*TASK DIRECTIONS*: Find the line that holds "Map of Pangasinan with Sison highlighted" in the material below. Output that line and each one after it exactly, but not the pictures.

*RECORDED INFORMATION*:
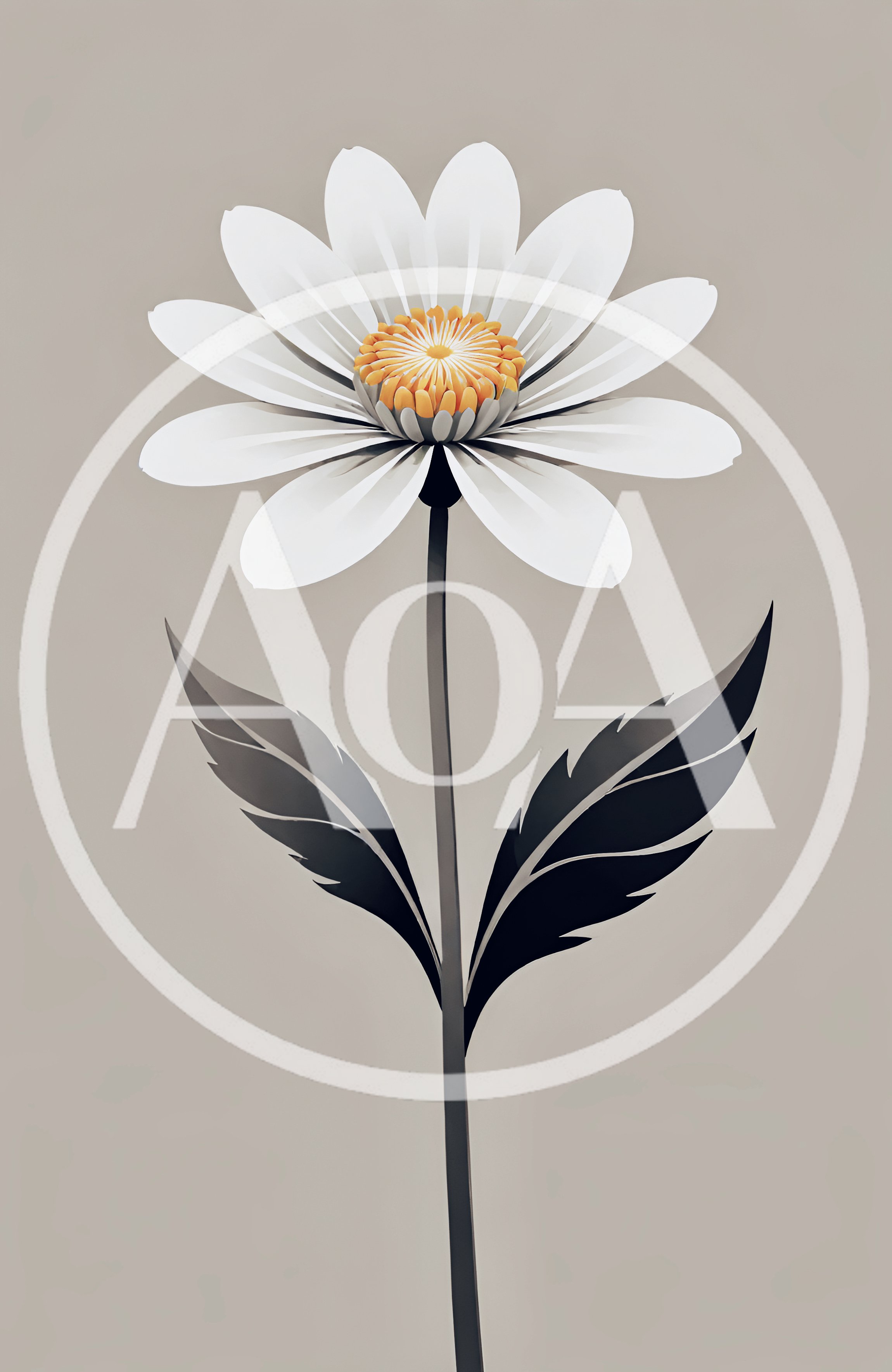 Minimalist Illustration Of A Single White Daisy Flower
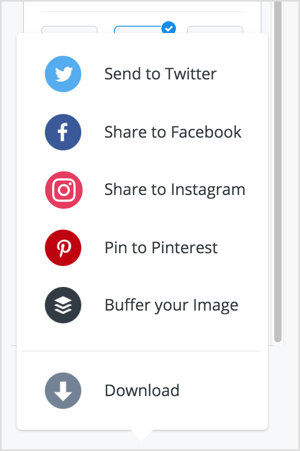 आप पाब्लो के माध्यम से ट्विटर, फेसबुक, इंस्टाग्राम, या Pinterest पर अपनी छवि साझा कर सकते हैं। 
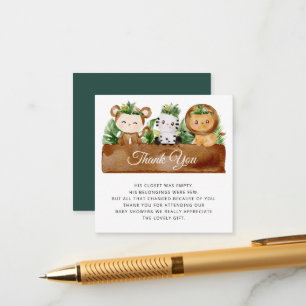 wild one safari baby shower thank you card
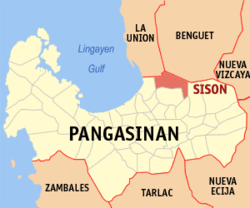 Map of Pangasinan with Sison highlighted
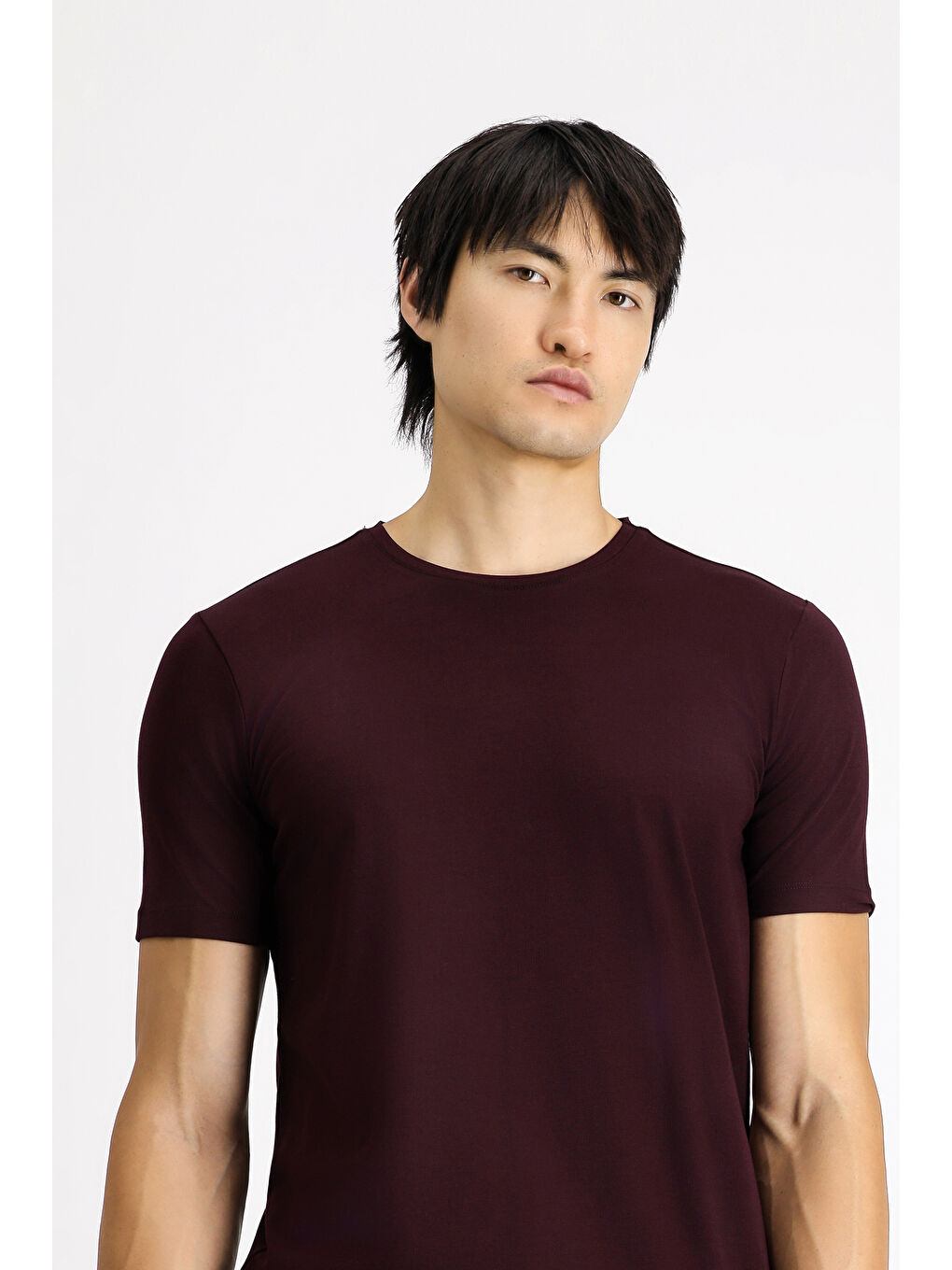 Bordo Bisiklet Yaka Slim Fit Dar Kesim Pamuklu Tişört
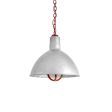 14" Wilcox Nautical LED, 975-Galvanized, Mounting in 400-Barn Red, TGG-Heavy Duty Cast Guard, 400-Barn Red, FST-Frosted Glass, CSBW-Black & White Cloth Cord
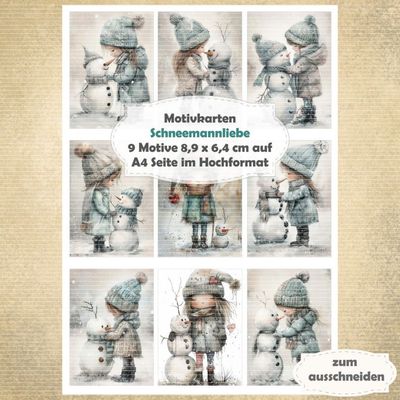 Schneemannliebe - Motivkarten - A4 Hochformat - 1 Seite mit 9 Motiven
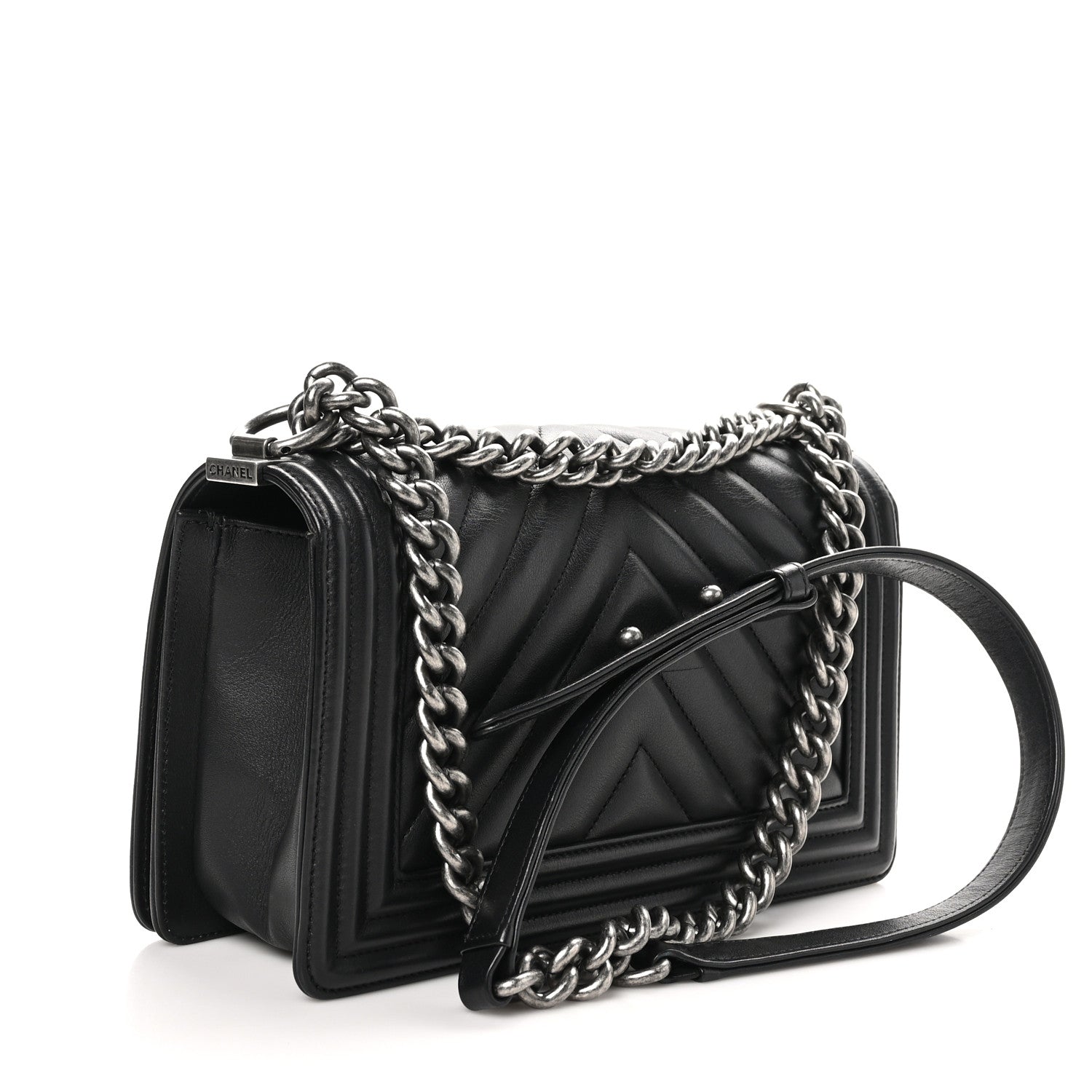Chanel Lambskin Chevron Quilted Medium Boy Flap Black 3 of 10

*SOLVED EXERCISE*:
 Map of Pangasinan with Sison highlighted
 Bordo Bisiklet Yaka Slim Fit Dar Kesim Pamuklu Tişört
 14" Wilcox Nautical LED, 975-Galvanized, Mounting in 400-Barn Red, TGG-Heavy Duty Cast Guard, 400-Barn Red, FST-Frosted Glass, CSBW-Black & White Cloth Cord
 Schneemannliebe - Motivkarten - A4 Hochformat - 1 Seite mit 9 Motiven
Chanel Lambskin Chevron Quilted Medium Boy Flap Black 3 of 10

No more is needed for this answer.